Canadian Currency Touches 4-Year Low Before BanK Meets
The Canadian dollar weakened to C$1.10 for the first time in more than four years amid speculation the U.S. Federal Reserve will slow its monetary stimulus as the Bank of Canada signals more may be on the way.
The currency sank against most major peers before a central-bank rate decision tomorrow that will follow weaker-than-forecast economic reports this month. The bank may signal in a policy statement it favors lower interest rates, only three months after dropping a bias toward higher rates. The Fed will keep reducing monthly bond purchases it makes to spur economic growth, according to economists in a Bloomberg survey.
“The impression these two central banks are going in opposite directions really takes the stuffing out of the Canadian dollar,” David Tulk, chief macro strategist at Toronto-Dominion Bank’s TD Securities, said from Toronto in a phone interview. “The next logical step is for the bank to adopt an outright easing bias. Instead of the long-held view that the next move by the Bank of Canada would be up, that it would be down.”
The loonie, as the Canadian dollar is known for the image of the aquatic bird on the C$1 coin, depreciated 0.2 percent to C$1.0967 per U.S. dollar at 5 p.m. in Toronto. It touched C$1.1019, the weakest level since Sept. 4, 2009. One loonie buys 91.18 U.S. cents.
The currency pared losses after data today showed Canadian factory sales in November gained 1 percent to C$50.5 billion ($46 billion), the highest in almost two years. Economists in a Bloomberg News survey forecast a 0.3 percent increase.
The loonie may be poised to reverse its decline, a technical indicator signaled. The currency’s 14-day relative-strength index fell for a sixth day below 30, the level that shows the currency may have weakened too much against its U.S. counterpart. It was the longest stretch below the threshold since March 2013.
Canada’s benchmark 10-year government bonds declined for the first time in five days, pushing yields up two basis points, or 0.02 percentage point, to 2.51 percent. They sank yesterday to 2.47 percent, the lowest since Nov. 1. The price of the 1.5 percent securities due in June 2023 fell 13 cents to C$91.67.
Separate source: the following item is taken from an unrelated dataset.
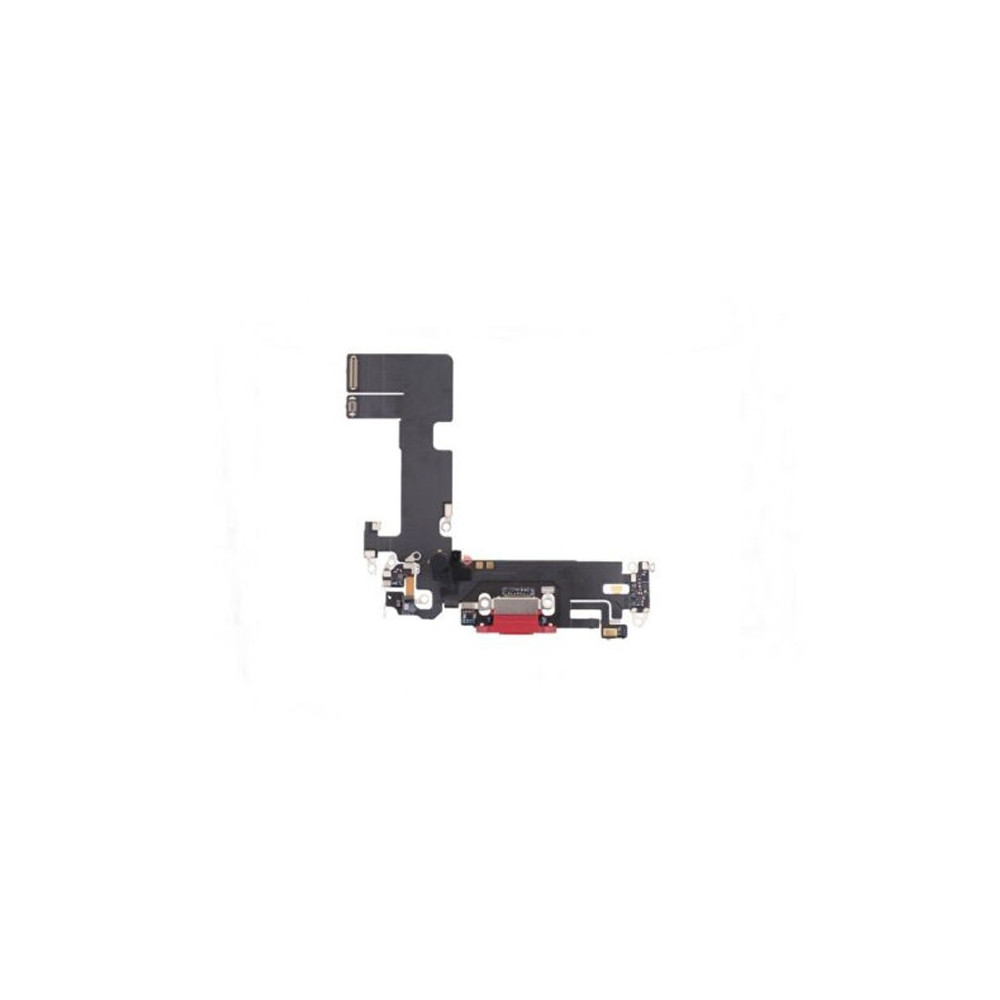 Flex de Carga para iPhone 13 Rojo
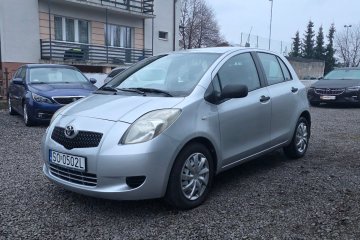 Toyota Yaris 1.3 Sol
U.S. interest rates have risen as the Federal Reserve reduced the size of the monthly bond purchases it makes to depress borrowing costs to $75 billion this month, from $85 billion. The Fed will keep tapering the purchases in $10 billion increments at each of its policy meetings this year, according to a Jan. 10 Bloomberg survey of 41 economists.
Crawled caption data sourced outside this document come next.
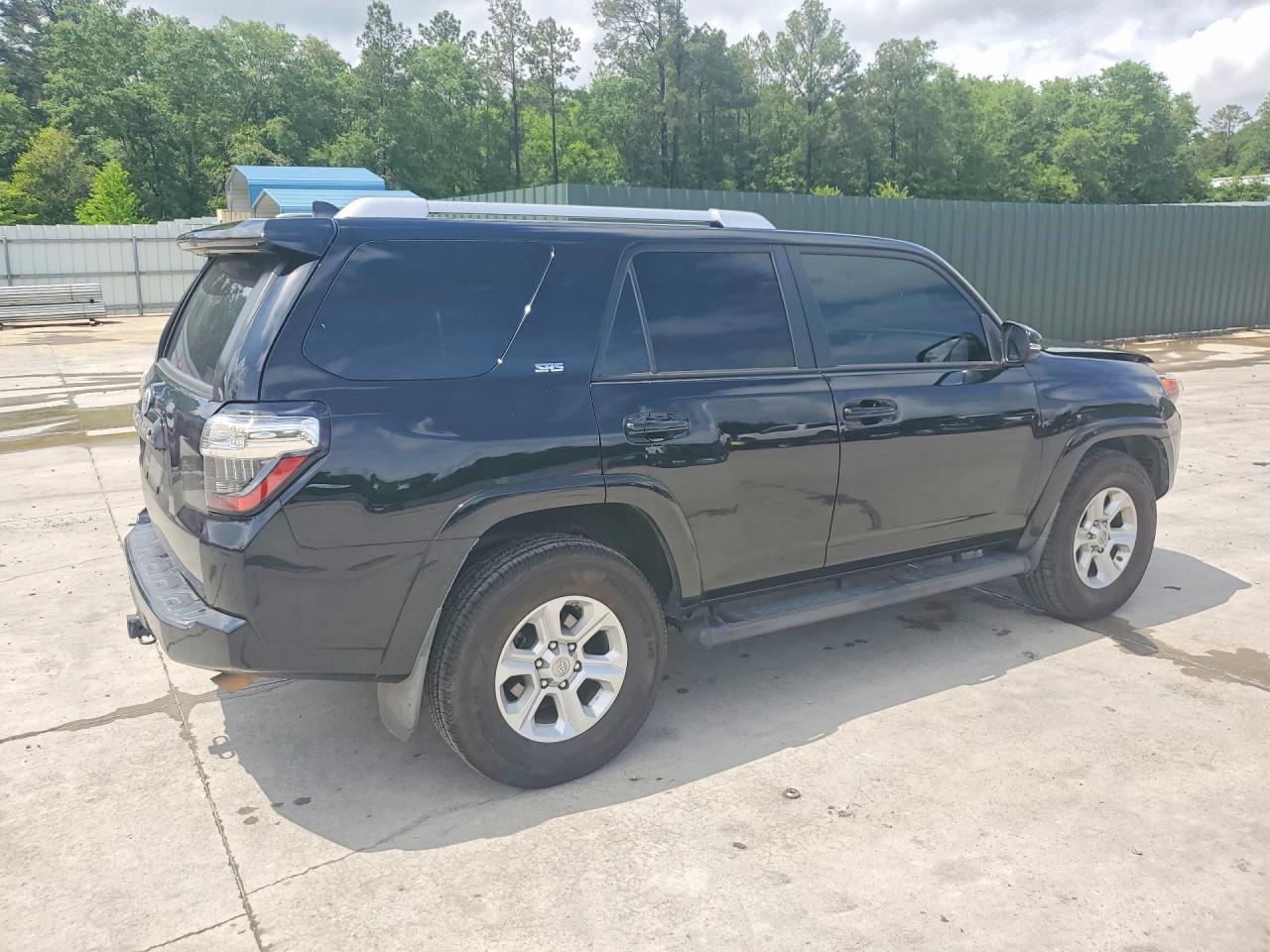 2018 Toyota 4Runner Sr5 Premium - Фото 5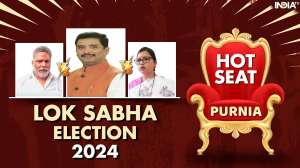 Purnia Lok Sabha Polls 2024: JDU's Santosh Kushwaha Vs RJD's Bima Bharti Vs Pappu Yadav | Hot Seat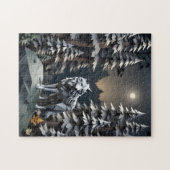 Puzzle Origami (Horizontal)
The Canadian dollar has lost 6.2 percent since Bank of Canada Governor Stephen Poloz on Oct. 23 dropped language about raising interest rates that had been inserted more than a year earlier by his predecessor, Mark Carney.
Speculators have increased bets against the loonie this year as Canada reported a November trade deficit nine times wider than forecast and the first net job losses in five months in December. The trade shortfall was C$940 million, versus a C$100 million forecast in a Bloomberg survey, while the nation lost 45,900 positions, compared with a Bloomberg poll’s projection for a gain of 14,100.
The difference in the number of wagers by hedge funds and other large speculators on a decline in the Canadian dollar against the greenback compared with those on a gain, known as net shorts, increased to 67,345 as of Jan. 14, the widest since May, data from the Washington-based Commodity Futures Trading Commission show.
The Bank of Canada is forecast to leave its benchmark interest rate unchanged at 1 percent tomorrow by all 21 economists in a Bloomberg survey. The bank won’t add an easing bias at the meeting, according to economists in a separate Bloomberg poll conducted last week.
“We’re not expecting any change,” said Ian Gordon, Group of 10 foreign-exchange strategist at Bank of America Corp., by phone from New York. “Because the market has priced in a shift toward an easing bias, given the price action we’ve seen, if they don’t change anything, the risk is you get a strengthening of the Canadian dollar because some of those people were expecting an explicit shift.”
Gordon said his bank’s internal flow data show clients paring bets against the loonie before the central-bank meeting.
The Canadian dollar dropped 3 percent over the past month in a basket of 10 developed-nation currencies tracked by the Bloomberg Correlation-Weighted Index, the worst performance. The U.S. dollar rose 0.4 percent.